The goal was to convince the Serbians that the Italians were getting their jobs, and to "start them, angry, towards the gates behind which was the ammunition to shoot them down like dogs."

An account of a subsequent raid on Sherman Service offices in the Chicago Herald (November 2): [Illinois' State Attorney Maclay] Hoyne charges that the Sherman Service, which describes itself as "Industrial Conciliators," was employed by various companies against which strikes had been called, and that its operatives committed sabotage, assaulted persons, attempted to stir up class and race prejudice, and so foment disorder that strikebreakers and troops would be thought necessary. No evidence that the employing companies connived at these methods has been obtained. Mr. Hoyne said H. V. Phillips, advisory director for the Sherman company, "gave instructions, not only verbally, but over the telephone and in writing, to commit violence." "There is no doubt in my mind that the Sherman Service was engaged in stirring up riots," said Mr. Hoyne. "Its operatives destroyed or advocated the destruction of property, aroused antagonism between different groups of strikers, and employed sluggers—all the time professing to be engaged in conciliating troublemakers." Mr. Hoyne said complaint had first been made to him by Ed. Nockles, secretary of the Chicago Federation of Labor, who had as a witness Charles Stern, formerly Operative No. 300 for the Sherman Service... Mr. Hoyne said Phillips "was particularly active in arranging for the use of sluggers, breaking of windows, cutting of auto tires, burning of buildings and stirring up racial hatred and prejudice." "I believe there is ample evidence," Mr. Hoyne said, "to convict Phillips and a number of other officers and employes of the agency of a number of crimes..." The indictment was subsequently quashed.

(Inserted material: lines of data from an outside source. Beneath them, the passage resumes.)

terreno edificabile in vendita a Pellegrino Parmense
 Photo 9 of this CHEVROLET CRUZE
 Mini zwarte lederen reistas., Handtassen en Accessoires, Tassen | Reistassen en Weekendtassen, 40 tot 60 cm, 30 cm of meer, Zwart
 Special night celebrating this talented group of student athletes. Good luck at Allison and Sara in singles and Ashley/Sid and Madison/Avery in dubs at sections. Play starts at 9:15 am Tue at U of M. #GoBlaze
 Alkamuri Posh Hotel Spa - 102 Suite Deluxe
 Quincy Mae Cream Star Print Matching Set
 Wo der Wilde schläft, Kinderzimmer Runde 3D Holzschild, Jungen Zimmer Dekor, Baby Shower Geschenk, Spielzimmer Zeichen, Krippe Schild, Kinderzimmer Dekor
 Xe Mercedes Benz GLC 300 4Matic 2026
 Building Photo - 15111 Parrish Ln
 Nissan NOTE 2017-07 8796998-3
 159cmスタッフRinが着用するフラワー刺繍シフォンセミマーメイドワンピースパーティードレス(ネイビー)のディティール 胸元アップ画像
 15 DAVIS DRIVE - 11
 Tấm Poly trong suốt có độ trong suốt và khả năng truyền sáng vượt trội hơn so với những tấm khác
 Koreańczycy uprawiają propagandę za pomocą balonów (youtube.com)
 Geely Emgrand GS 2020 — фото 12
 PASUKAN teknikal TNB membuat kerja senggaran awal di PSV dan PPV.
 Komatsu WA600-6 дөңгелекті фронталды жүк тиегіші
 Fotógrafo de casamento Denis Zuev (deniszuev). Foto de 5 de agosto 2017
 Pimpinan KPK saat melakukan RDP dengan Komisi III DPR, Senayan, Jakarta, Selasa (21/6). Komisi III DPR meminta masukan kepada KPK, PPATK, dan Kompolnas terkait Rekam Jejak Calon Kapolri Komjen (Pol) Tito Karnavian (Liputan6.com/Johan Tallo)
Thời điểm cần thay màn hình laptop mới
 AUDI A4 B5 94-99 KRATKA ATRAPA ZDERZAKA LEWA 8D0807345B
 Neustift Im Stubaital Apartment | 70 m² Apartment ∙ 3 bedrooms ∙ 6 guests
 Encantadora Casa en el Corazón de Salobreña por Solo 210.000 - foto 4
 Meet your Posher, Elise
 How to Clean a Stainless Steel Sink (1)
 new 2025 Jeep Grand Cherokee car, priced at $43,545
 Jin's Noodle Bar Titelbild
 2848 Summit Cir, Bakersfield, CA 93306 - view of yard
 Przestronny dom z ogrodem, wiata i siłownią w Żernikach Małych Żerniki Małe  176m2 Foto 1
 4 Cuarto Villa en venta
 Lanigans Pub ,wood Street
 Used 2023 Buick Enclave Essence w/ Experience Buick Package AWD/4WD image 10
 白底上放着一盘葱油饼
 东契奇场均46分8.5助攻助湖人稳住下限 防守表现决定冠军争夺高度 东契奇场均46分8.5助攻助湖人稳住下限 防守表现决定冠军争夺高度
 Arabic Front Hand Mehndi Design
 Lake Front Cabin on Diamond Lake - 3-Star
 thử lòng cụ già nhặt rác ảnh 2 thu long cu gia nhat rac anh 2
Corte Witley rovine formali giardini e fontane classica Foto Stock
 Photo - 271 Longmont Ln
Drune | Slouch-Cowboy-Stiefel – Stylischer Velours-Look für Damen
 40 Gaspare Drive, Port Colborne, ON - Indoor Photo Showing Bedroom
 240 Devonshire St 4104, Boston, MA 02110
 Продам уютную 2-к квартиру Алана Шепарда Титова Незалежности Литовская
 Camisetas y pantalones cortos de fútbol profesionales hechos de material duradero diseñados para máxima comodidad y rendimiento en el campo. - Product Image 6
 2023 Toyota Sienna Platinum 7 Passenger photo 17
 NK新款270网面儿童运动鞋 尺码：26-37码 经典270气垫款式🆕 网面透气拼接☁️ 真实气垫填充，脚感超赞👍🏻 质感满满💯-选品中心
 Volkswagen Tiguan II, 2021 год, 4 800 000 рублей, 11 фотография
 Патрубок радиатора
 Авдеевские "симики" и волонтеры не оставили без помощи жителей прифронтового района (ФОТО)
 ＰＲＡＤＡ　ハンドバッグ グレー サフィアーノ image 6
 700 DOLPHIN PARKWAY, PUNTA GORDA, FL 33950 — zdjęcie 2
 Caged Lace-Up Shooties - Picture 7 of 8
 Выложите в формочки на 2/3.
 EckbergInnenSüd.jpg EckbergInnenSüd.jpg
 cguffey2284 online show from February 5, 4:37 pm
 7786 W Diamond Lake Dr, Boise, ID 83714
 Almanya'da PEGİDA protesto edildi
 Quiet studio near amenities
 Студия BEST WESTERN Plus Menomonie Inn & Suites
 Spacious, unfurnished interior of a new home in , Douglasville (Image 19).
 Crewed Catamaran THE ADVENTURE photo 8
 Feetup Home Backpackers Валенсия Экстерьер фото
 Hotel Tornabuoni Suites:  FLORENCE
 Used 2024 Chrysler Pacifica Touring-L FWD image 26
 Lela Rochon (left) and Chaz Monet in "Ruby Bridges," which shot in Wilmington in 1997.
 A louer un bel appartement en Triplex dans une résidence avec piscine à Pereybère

After the raids, Sherman Service Company placed advertisements in its own defense which stated, in part: Sherman Service has recently been attacked by the radical element of labor, who are opposed to the Americanization of industrial forces of this country and to the maximum and uninterrupted production which is so essential to the continuity of national progress. Our successful activities along constructive lines in harmonizing the relationship between employer and employee wherever we serve, and in developing a spirit of whole-hearted co-operation, is the greatest stumbling block which the recent-day agitator is forced to overcome—consequently the attack.

==Government service==

In 1920 The Nation reported that Sherman Service Company stated in an internal publication that it served the government. The Nation observed that "for this purpose its operatives become 'apparent reds'." Sherman Service Company had published that: "Wherever ... organizations [such as the radical element of labor] exist in the community and try to influence the workers it becomes the duty of the Sherman representatives to pretend sympathy and join so as to learn who the leaders are. Such information is then supplied to the government."
==Agency aliases==

Sherman Service Company has also assumed the names National Manufacturers' Syndicate, and National Mutual Service Co.